I have tried the following:

output = open('outputfile.jpg', 'wb')
for i in range(len(bitstream)):
    output.write(bitstream[i])

and this...

bitstreamtoprint = string.join(bitstream, "")

output = open('outputfile.jpg', 'wb')
for i in range(len(bitstreamtoprint)):
      output.write(bitstreamtoprint[i])

however neither of these work, they create the file but it won't open as a jpeg, no matter what application I try to open them in. I'm using Windows Vista, and have also tried opening the files in Ubuntu Linux and it does not work on that either - I get an error saying the file is corrupted or that it is not a jpeg.

Any help?

A jpeg file needs a header with all sorts of infomation in it. Also the image array itself is processed with a compression algorithm to make it as small as possible.

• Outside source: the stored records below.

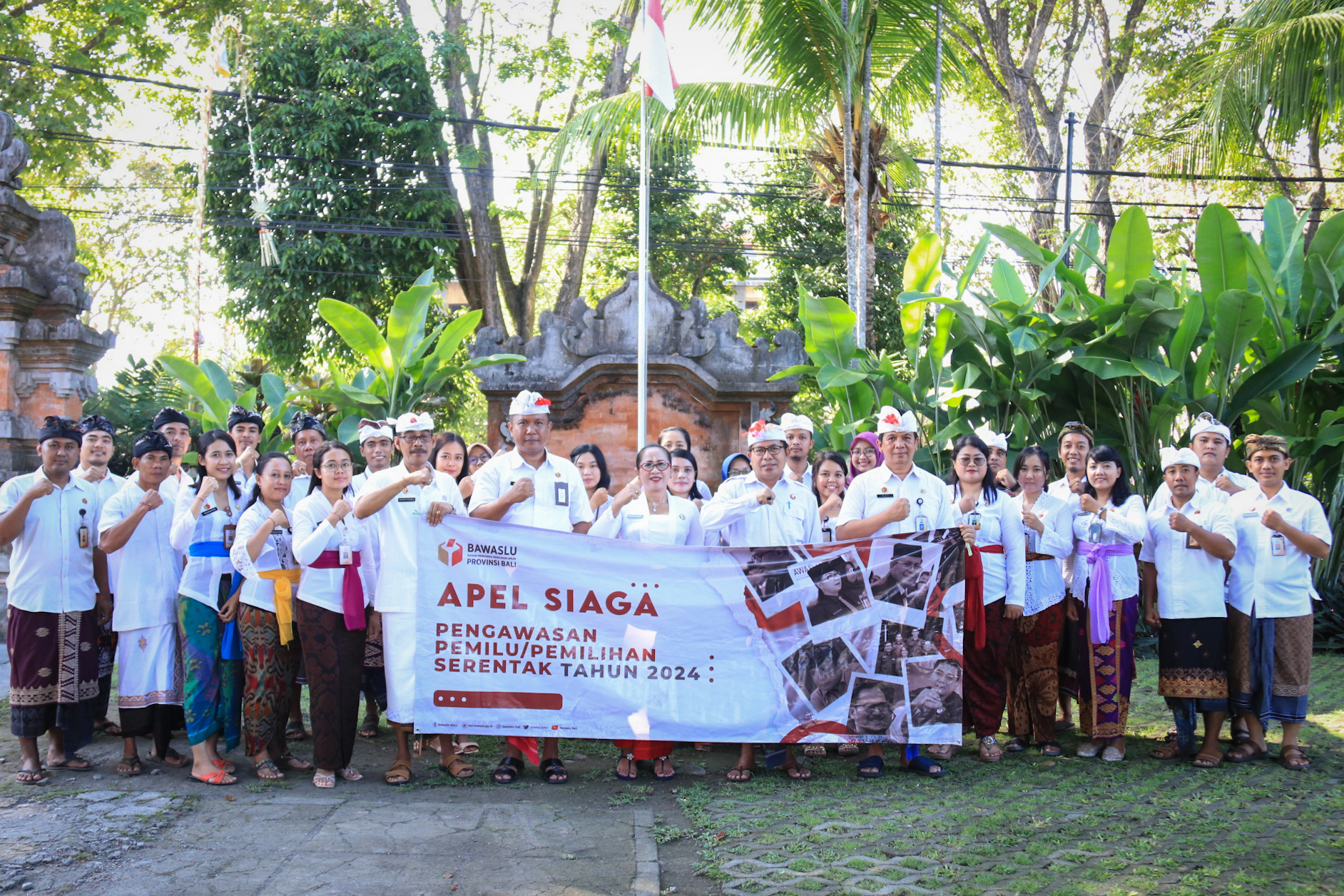 Tahapan Pemilu 2024 Dimulai, Bawaslu Bali Laksanakan Apel Siaga Pengawasan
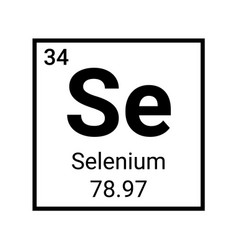 Selenium Periodic Element Molecule Icon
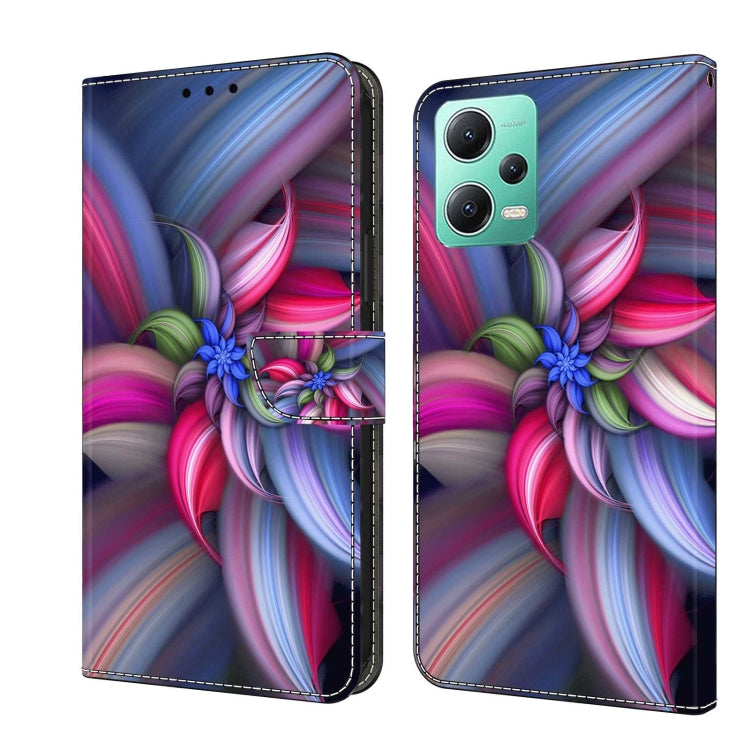 Crystal 3D Shockproof Protective Leather Phone Case, For Xiaomi Redmi Note 12 5G Global / Poco X5, For Xiaomi Redmi 11A 4G / Redmi 12C Global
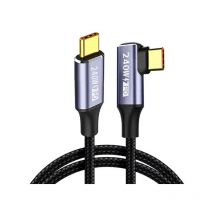 Câble de données usb-c vers usb-c Câble de données usb-c vers Type c 2M coudé simple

You should be better off to go with a bitmap file. They are somewhat simpler. See:
http://en.wikipedia.org/wiki/BMP_file_format

Ok... but how exactly would I write that data to a file as a jpeg, or bitmap file? This is what is confusing me...

If you use a library like PIL or pygame, you can pass that data to the library and let it handle to compression and saving for you.

Just a thought.

I played around with PIL a while back and pretty much came to the conclusion that it needs a list of (r, g, b) tuples to work. You could potentially translate a color value to an (r, g, b) tuple.